Price is just one factor to consider when deciding whether or not to opt for a new health plan. There is also: Co-pay, deductibles, network coverage and whether telehealth is included.
“The great thing about healthcare.gov and the plan selector is that it lets you really compare plans side-by-side,” said Jason Resendez, board member of Consumers for Quality Care. “It’s really about figuring out what’s important to you, and then seeing what plans align with those priorities for you and your family.”
Some new-this-year issues to consider — nearly three-quarters of the largest health plans across the country are no longer waiving cost-sharing for COVID-19 treatment.
Telehealth has become a lifeline for many Americans during the pandemic, according to Resendez, who said 70% of people who have used telehealth services say they are likely to continue using them after the pandemic ends.

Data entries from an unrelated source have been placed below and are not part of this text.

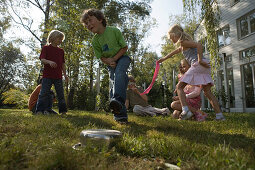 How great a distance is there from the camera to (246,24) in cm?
1147

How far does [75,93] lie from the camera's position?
9320mm

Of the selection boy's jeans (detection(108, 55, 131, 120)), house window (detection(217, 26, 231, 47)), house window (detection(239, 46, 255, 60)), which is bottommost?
boy's jeans (detection(108, 55, 131, 120))

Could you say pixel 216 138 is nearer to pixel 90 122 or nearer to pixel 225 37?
pixel 90 122

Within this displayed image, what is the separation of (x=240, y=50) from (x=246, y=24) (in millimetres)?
1489

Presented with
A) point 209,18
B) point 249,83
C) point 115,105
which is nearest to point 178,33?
point 115,105

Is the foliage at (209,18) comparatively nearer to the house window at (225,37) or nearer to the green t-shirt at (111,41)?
the green t-shirt at (111,41)

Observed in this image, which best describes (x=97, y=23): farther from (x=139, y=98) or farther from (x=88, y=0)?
(x=88, y=0)

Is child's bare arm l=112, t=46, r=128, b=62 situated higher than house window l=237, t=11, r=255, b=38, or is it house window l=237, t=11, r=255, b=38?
house window l=237, t=11, r=255, b=38

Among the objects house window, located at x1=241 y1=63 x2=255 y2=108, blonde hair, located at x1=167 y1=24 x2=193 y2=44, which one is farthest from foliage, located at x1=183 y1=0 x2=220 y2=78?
blonde hair, located at x1=167 y1=24 x2=193 y2=44

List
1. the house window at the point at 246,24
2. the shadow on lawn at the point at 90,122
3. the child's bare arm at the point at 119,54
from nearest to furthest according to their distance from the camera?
1. the shadow on lawn at the point at 90,122
2. the child's bare arm at the point at 119,54
3. the house window at the point at 246,24

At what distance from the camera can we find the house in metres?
10.8

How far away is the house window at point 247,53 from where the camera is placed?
428 inches

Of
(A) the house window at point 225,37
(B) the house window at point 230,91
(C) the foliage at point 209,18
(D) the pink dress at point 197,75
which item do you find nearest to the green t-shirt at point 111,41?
(D) the pink dress at point 197,75

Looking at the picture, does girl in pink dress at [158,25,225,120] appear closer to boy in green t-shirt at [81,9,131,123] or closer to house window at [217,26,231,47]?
boy in green t-shirt at [81,9,131,123] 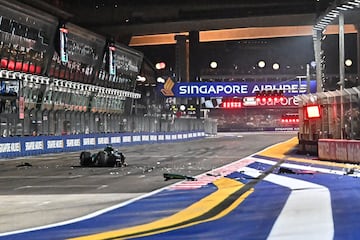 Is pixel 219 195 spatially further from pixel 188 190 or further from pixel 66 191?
pixel 66 191

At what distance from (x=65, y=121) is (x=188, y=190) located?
2817cm

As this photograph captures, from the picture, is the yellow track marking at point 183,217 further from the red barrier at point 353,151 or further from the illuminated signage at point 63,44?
the illuminated signage at point 63,44

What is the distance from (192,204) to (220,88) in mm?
49368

But some insurers are canceling telehealth coverage.
A new law that will come into effect in 2022 will help protect people from “surprise billing”, when people are billed for out-of-network providers, such as anesthesiologists, at in-network facilities.
“In the meantime, it’s really important to be aware of potential surprise bills, know what’s in the network, and read that bill,” Resendez said.
Being charged twice or charging extortionate prices for items like wet wipes is something people should watch out for and talk about, Resendez said.
“It’s important to know that you have a voice and you have to use that voice, and sometimes that means pushing things back,” Resendez said. “We have seen many instances where these bills have been reduced or removed altogether.”
Resendez strongly encourages people to avoid short-term insurance plans. They go by many names such as short-term, time-limited, or short-term plan; there are different variations, but that “short-term” phrase is really the part to watch out for.
“These are really junk plans,” he said. “These are plans that look great on paper because they have low monthly premiums, but they often have dollar value limits on covered services or come with high deductibles and often exclude pre-existing conditions. So things like hypertension or even pregnancy can be excluded from these plans,” Resendez warned.